Scraped caption text data:

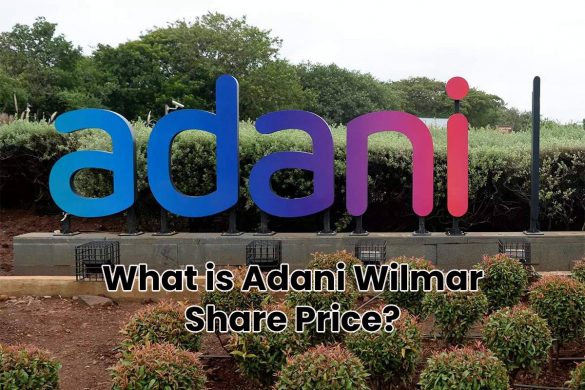 What is Adani Wilmar Share Price?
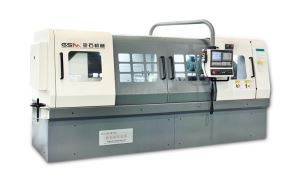 ZK2108×2B/500 Two-spindle Deep Hole Drilling Machine For Small Hole Diameter In Medical Industry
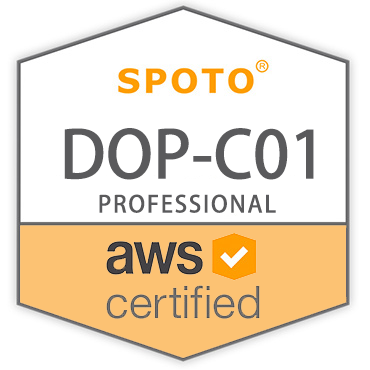 DOP-C01 logo
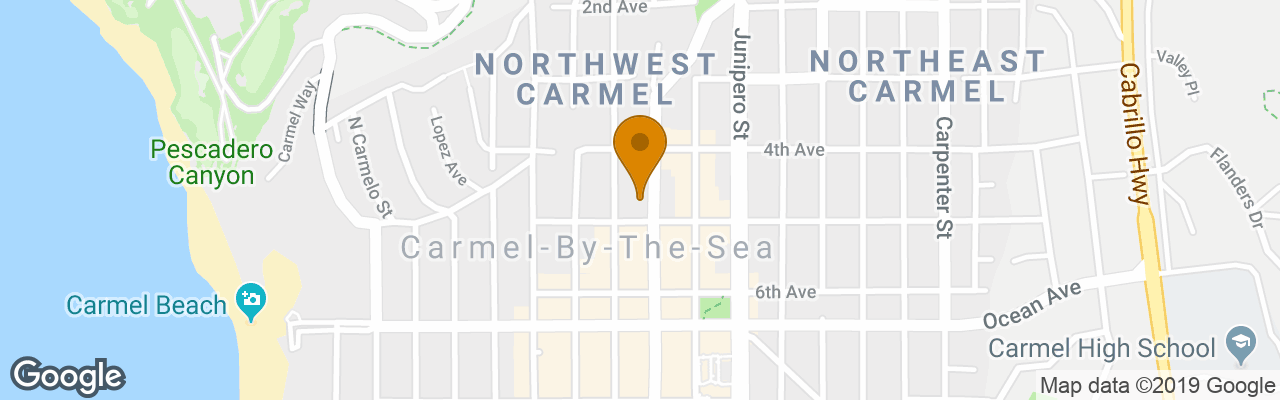 Hotel Best Western Carmel's Town House Lodge 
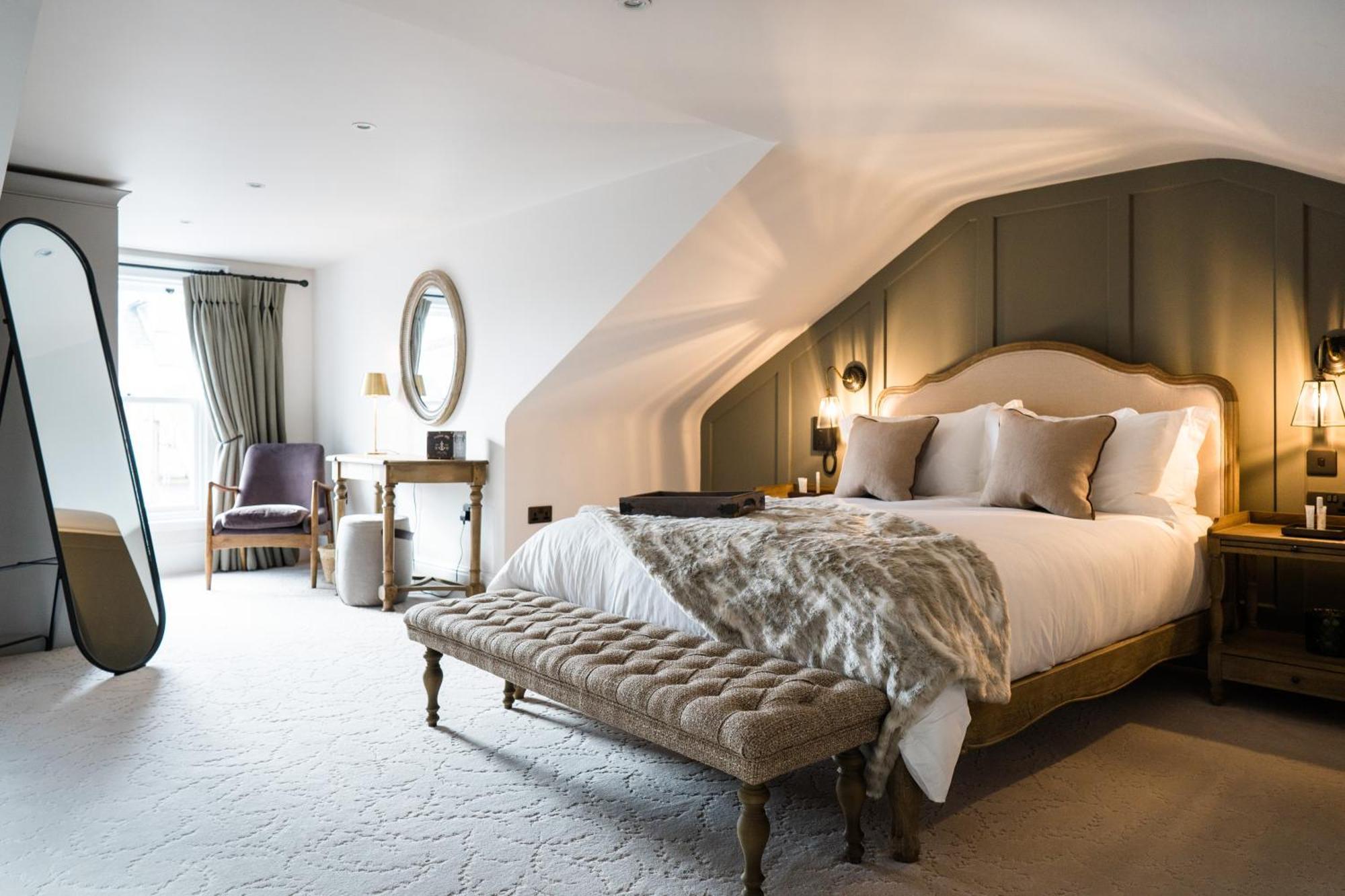 벨파스트 Regency House 아파트 호텔 외부 사진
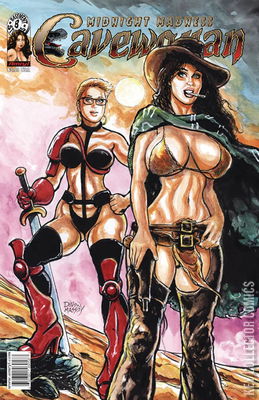 Cavewoman: Midnight Madness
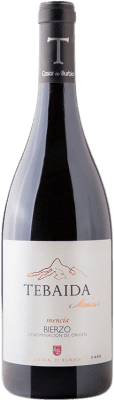 57,95 € Free Shipping | Red wine Casar de Burbia Tebaida Nemesio Crianza D.O. Bierzo Castilla y León Spain Mencía Bottle 75 cl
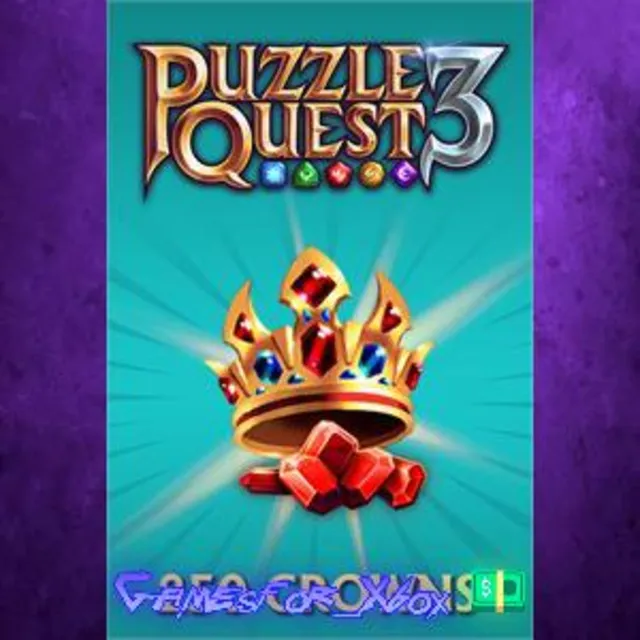 ☀️Crowns Tier 1 XBOX DLC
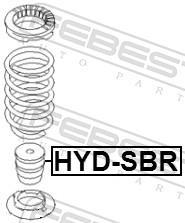 Amortiguadores FEBEST ref. HYD-SBR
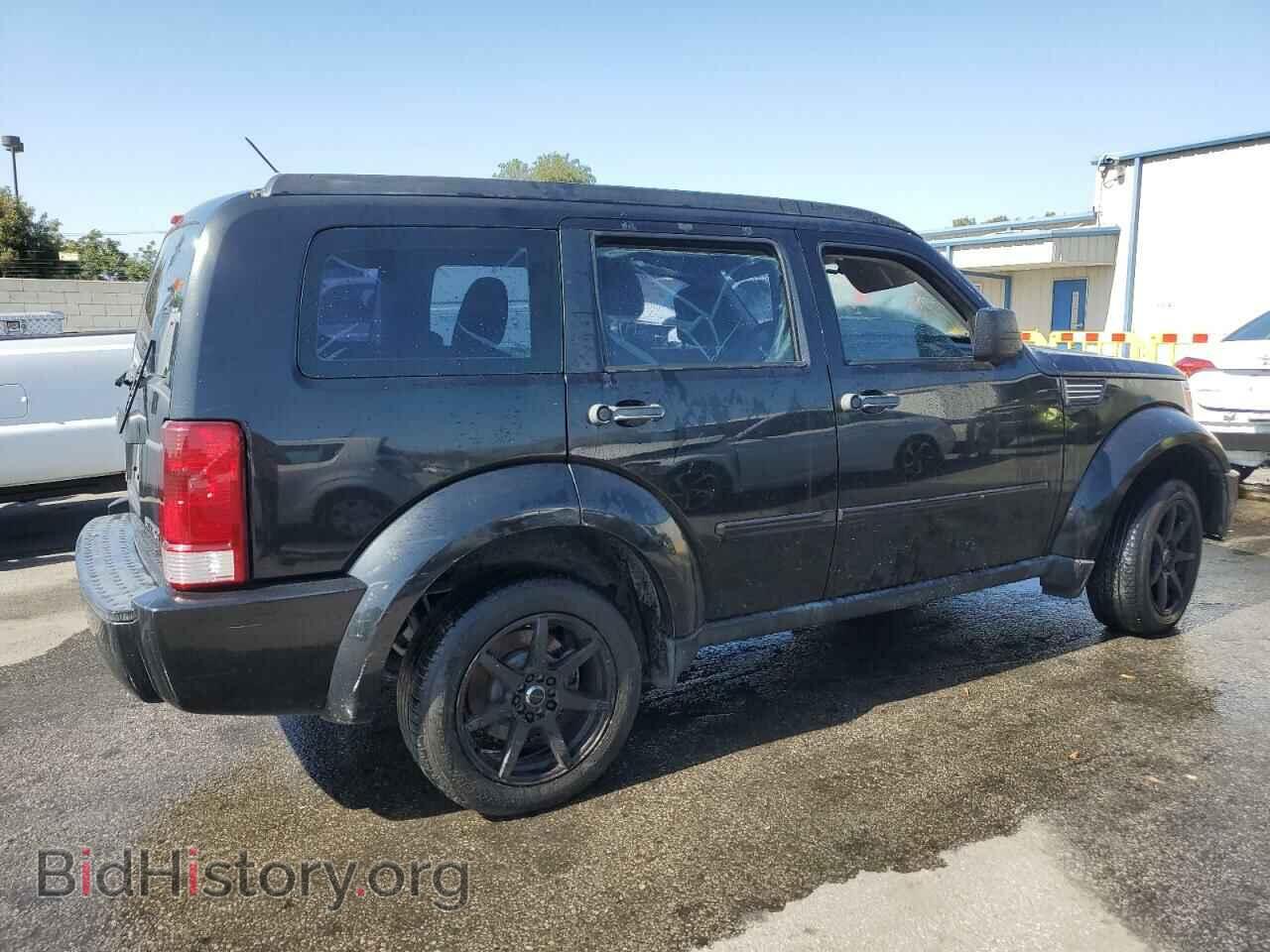 2011 DODGE NITRO - VIN: 1D4PT2GK4BW600404 - Фото 3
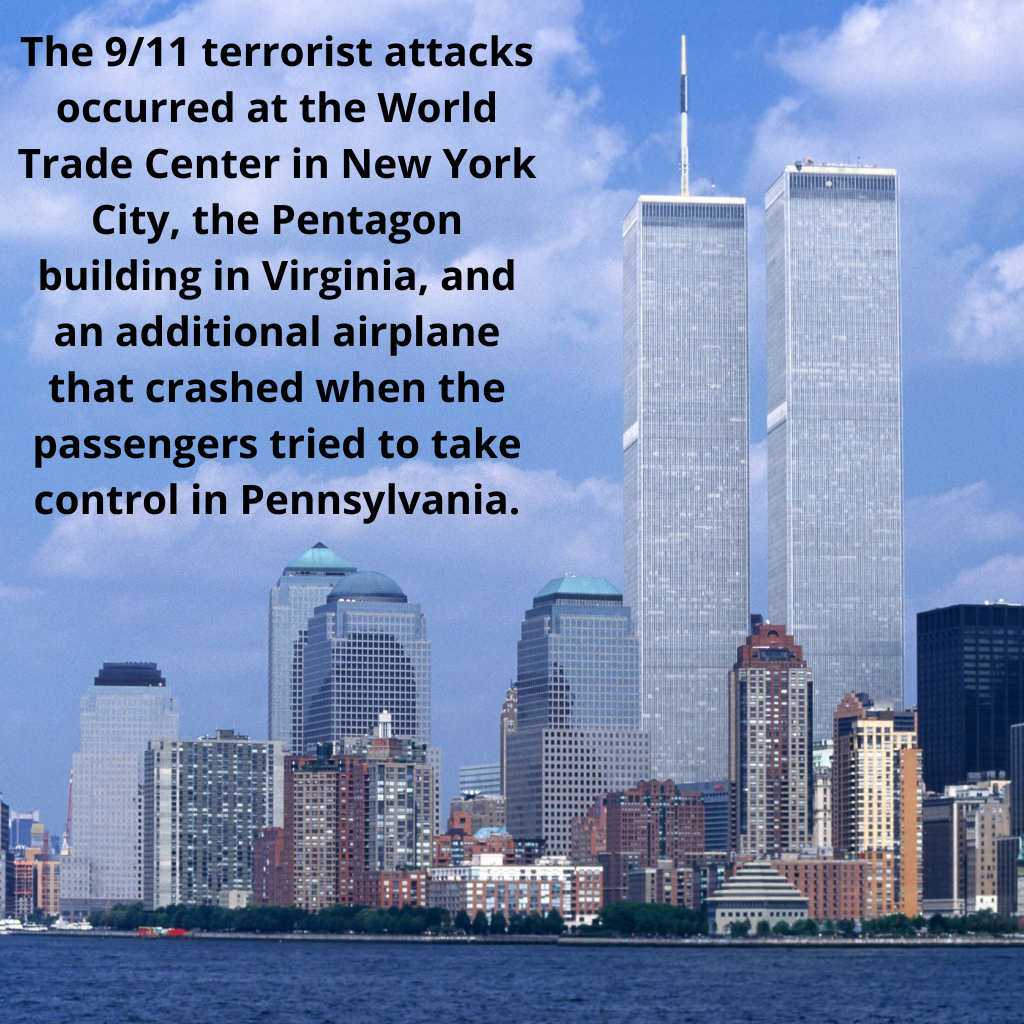 9/11 facts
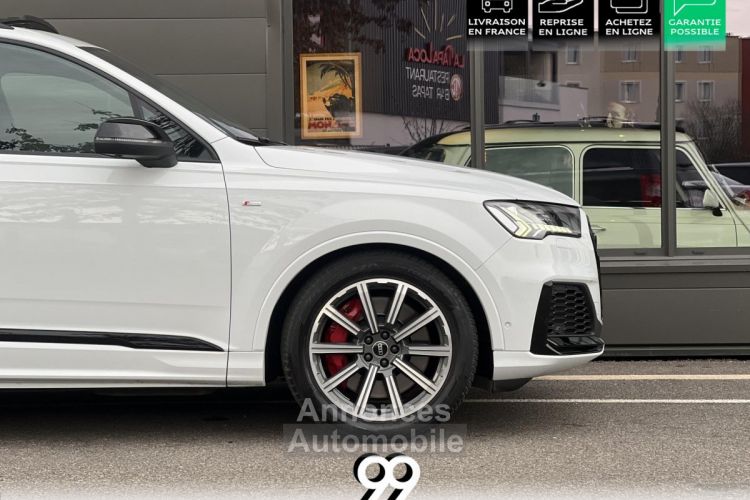 Audi Q7 Quattro 60 TFSIe  bang & olufsen assistance route et stationnement TP attelage LIVRAISON/REPRISE - <small></small> 59.990 € <small></small> - #50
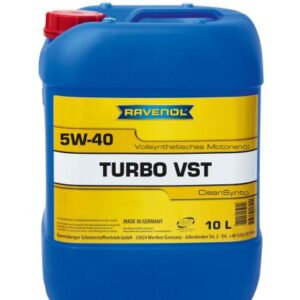 Ulje za motor RAVENOL RAV TURBO VST 5W40 10L
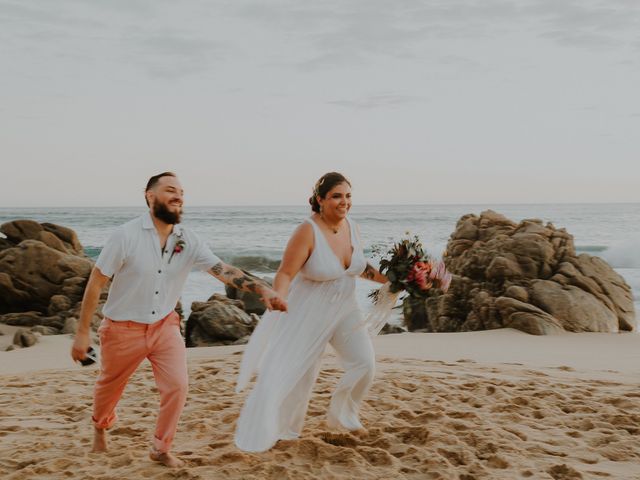 La boda de Gloria y Álex en Huatulco, Oaxaca 129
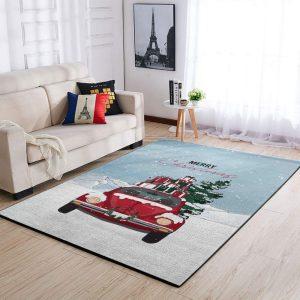 Christmas Rugs, Christmas Area Rugs, Merry Christmas&hellip;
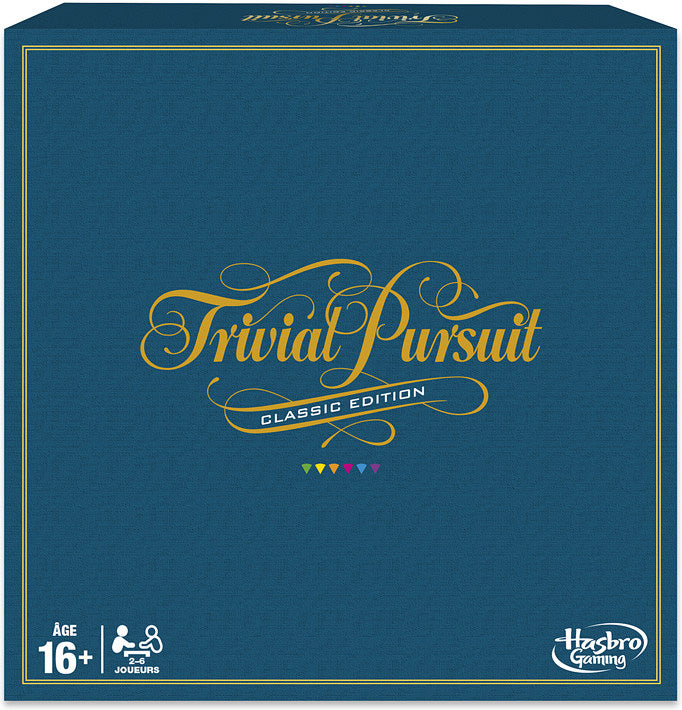 Trivial Pursuit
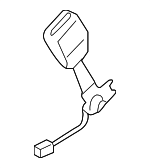 TDY157620A00 - Electrical: Buckle for Mazda: CX-9 Image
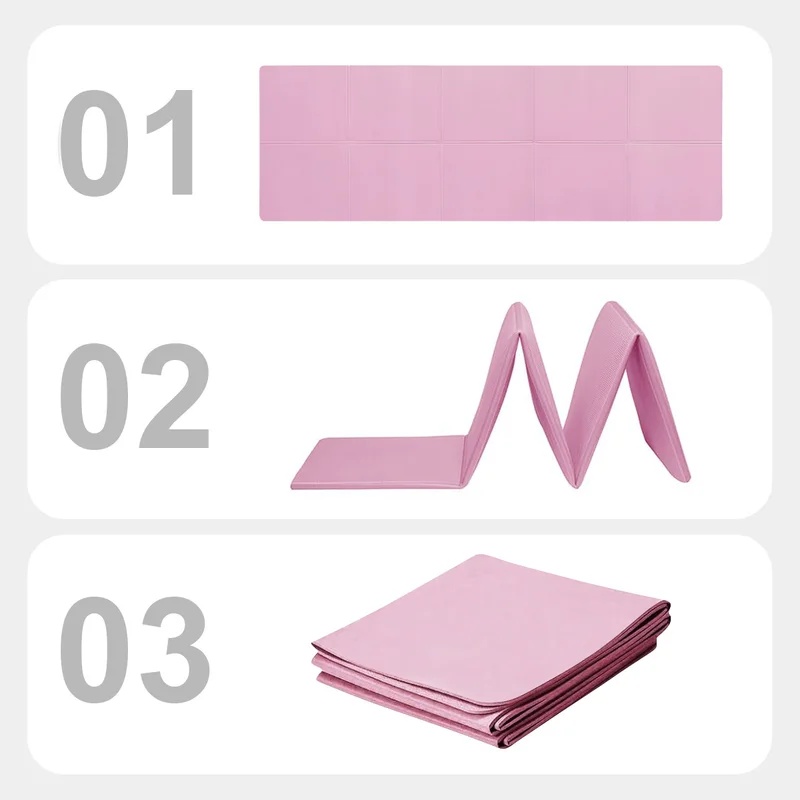 3/4/6mm Thick Non Slip Yoga Ma - Home Gym On Carpet 评论和价格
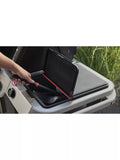 Weber Works storage box black 16.5cm high, UK version
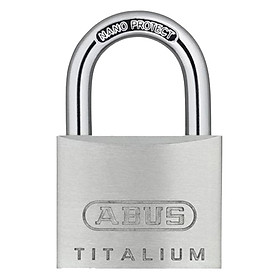 Ổ Khóa Titalium Abus 64TI/60 (60mm)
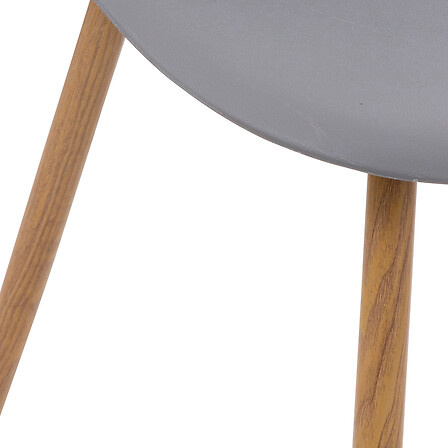 Krzesło Taho szare - obrazek 3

Instructions for the task:
In the records above, take every line from the opening one through the line with "Weber Works storage" and repeat it exactly; pictures are not part of the copy.

Your solution:
 What is Adani Wilmar Share Price?
 ZK2108×2B/500 Two-spindle Deep Hole Drilling Machine For Small Hole Diameter In Medical Industry
 DOP-C01 logo
 Hotel Best Western Carmel's Town House Lodge 
 벨파스트 Regency House 아파트 호텔 외부 사진
 Cavewoman: Midnight Madness
 57,95 € Free Shipping | Red wine Casar de Burbia Tebaida Nemesio Crianza D.O. Bierzo Castilla y León Spain Mencía Bottle 75 cl
 ☀️Crowns Tier 1 XBOX DLC
 Amortiguadores FEBEST ref. HYD-SBR
 2011 DODGE NITRO - VIN: 1D4PT2GK4BW600404 - Фото 3
 9/11 facts
 Audi Q7 Quattro 60 TFSIe  bang & olufsen assistance route et stationnement TP attelage LIVRAISON/REPRISE - <small></small> 59.990 € <small></small> - #50
 Ulje za motor RAVENOL RAV TURBO VST 5W40 10L
 La boda de Gloria y Álex en Huatulco, Oaxaca 129
 Christmas Rugs, Christmas Area Rugs, Merry Christmas&hellip;
 Trivial Pursuit
 TDY157620A00 - Electrical: Buckle for Mazda: CX-9 Image
 3/4/6mm Thick Non Slip Yoga Ma - Home Gym On Carpet 评论和价格
 Weber Works storage box black 16.5cm high, UK version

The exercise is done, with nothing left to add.